May 2001: Thirty-five young Bharatanatyam dancers, members of a locally based company, perform Jataka tales to the music of Rimsky Korsakov and Tchaikovsky played by the hundred-piece Chicago Symphony Orchestra. May 2002: Akram Khan, a Kathak-trained dancer, nurtured by the British cultural establishment as one of Britain’s most promising young choreographers, premiers Kaash (with set design by Anish Kapoor, music by Nitin Sawney) in London, prior to being sent on a world tour. June 2002: Andrew Lloyd Webber’s production, Bombay Dreams, with A R Rahman’s music, book by Meera Sayal, and a cast made up largely of people of Indian origin, opens in London’s West End, with its sights set on Broadway. April 2003: Counter-tenor Bejun Mehta sings ‘Guido’ in Handel’s Flavio at New York City Opera, going on to sing title roles in Giulio Cesare at the Pittsburgh opera, and Orlando at the Royal Opera House, Covent Garden. April 2003: Five actors play call centre operators in Bangalore while multiple images flash onto several screens above them, in Alladeen, a collaborative project between York-based Moti Roti and New York’s Builder’s Company, which premiers in Ohio, then goes on tour to New York, Singapore and London.

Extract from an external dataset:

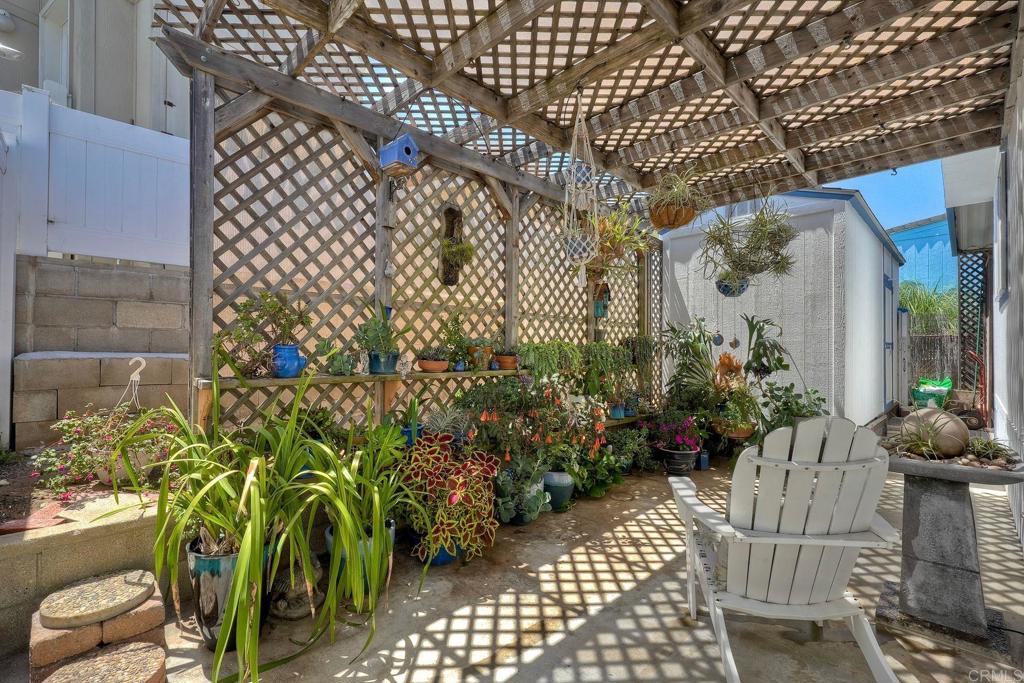 6493 Friendly Place Property Photo 49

In the UK or US, one rarely saw a
fellow Indian at the theatre, ballet, or symphony. Few people of Indian
origin practised western art forms – one or two conductors, perhaps, and
a couple of modern dancers. More often than not Indian dancers who came
to study western forms were encouraged to go back and learn their own (‘classical’,
‘Indian’) dance forms – even if they were part Scottish, or Parsi, and
more attracted to ballet than to Bharatanatyam.
With the opening up of the economy
in India the world of the Indian performing artist also expanded. Now,
apart from the government, a performer could turn to business houses as
well as the general public to patronise her or his work. ‘General public’

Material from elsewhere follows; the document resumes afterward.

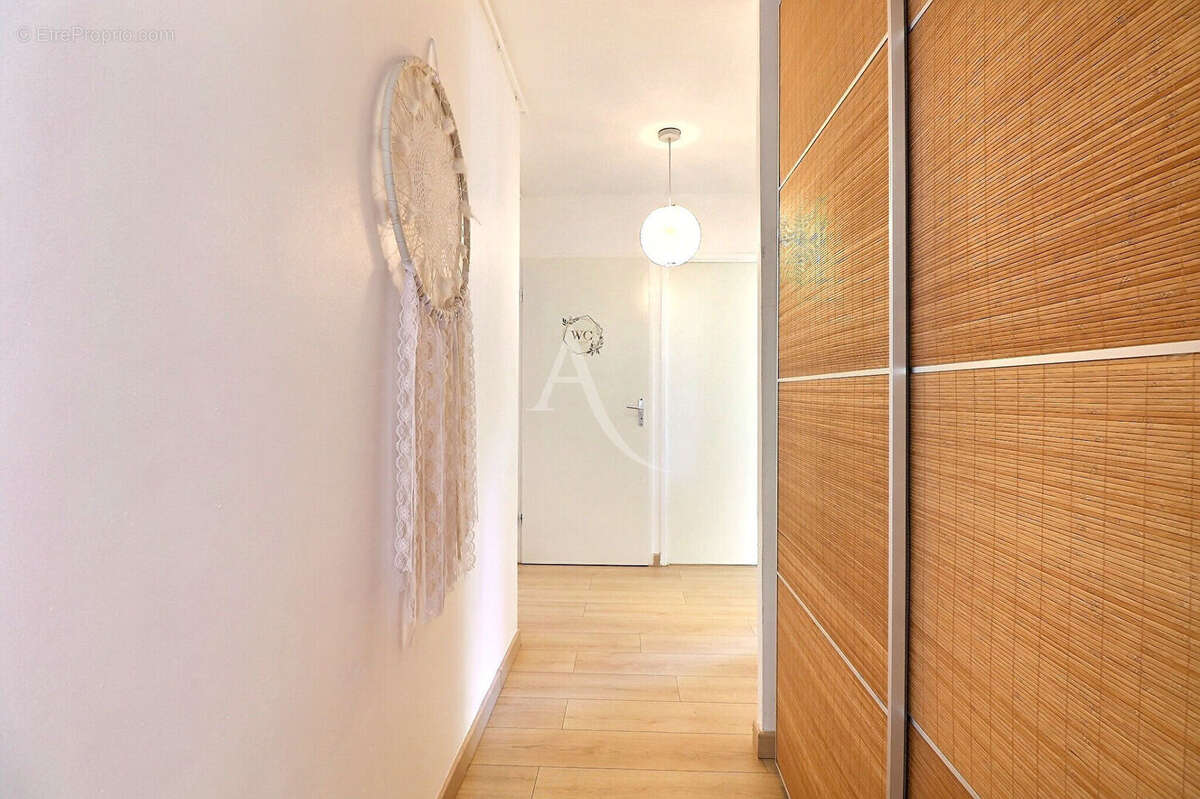 Appartement à MARSEILLE-9E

included not just the swelling indigenous urban middle-class but also Indians
living abroad, and those who were coming back home to work. This public,
exposed to non-Indian art forms that expressed a modern world, looked for
– indeed ‘demanded’ – the same relevance to contemporary life from their
own art forms. Dancers, for example, were urged to explore contemporary
themes, and to re-think their traditional forms, i.e. to ‘modernise’. Krishna
became old hat; the ecological implications of the serpent Kaliya’s poisoning
of Jamuna waters were ‘in’.
As it became commercially viable
to present foreign music groups and their recordings in India, Indians
had more access to forms like Acid Bhangra and Disco Garba developed among
immigrant communities abroad. The major exchange, however, was with the
US and UK. Several fascinating musical forms like the ‘Chutney’ music of
the Caribbean and the pop-folk music of Indic populations in Malagassy
and Mauritius (which fuse inherited Vaishnav songs – sometimes in archaic
Bhojpuri – with local rhythms) were side-tracked. They did not have general
currency – either in India or among promoters of ‘global music’ in Paris,
New York and London – because the populations from which they stem have
little discourse with communities in India or other parts of the Diaspora.

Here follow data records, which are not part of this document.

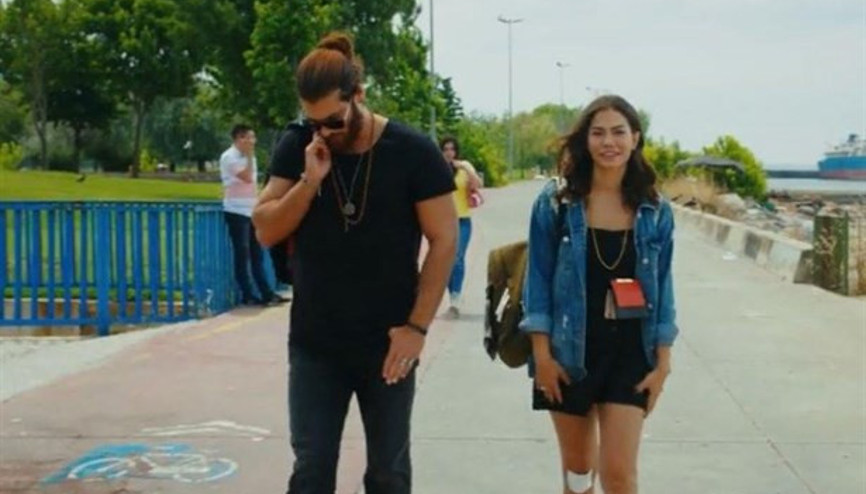“Erkenci Kuş” Sanem’in En İyi 5 Kombini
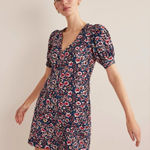 Boden stretch dress jersey mini dress with v neck size 2 Photo 0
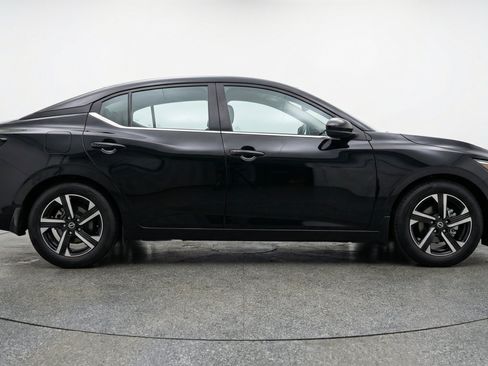 Used 2025 Nissan Sentra SV FWD image 11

The most significant opening up within
the arts – particularly with the younger generation – was the breakdown
of the divide between ‘classical’ and ‘popular’, ‘traditional’ and ‘modern’.
One evening a classically trained percussionist might accompany bansuri-player
Hari Prasad Chaurasia; the next day he could be part of an ensemble led
by the cellist Yo Yo Ma. On a third he might record with a pop group for
a Grammy Award. Similarly, the same dancer who performed a charming Bharatanatyam
varnam one night could the next evening present an innovative dance-theatre
piece, which explored violence in contemporary society.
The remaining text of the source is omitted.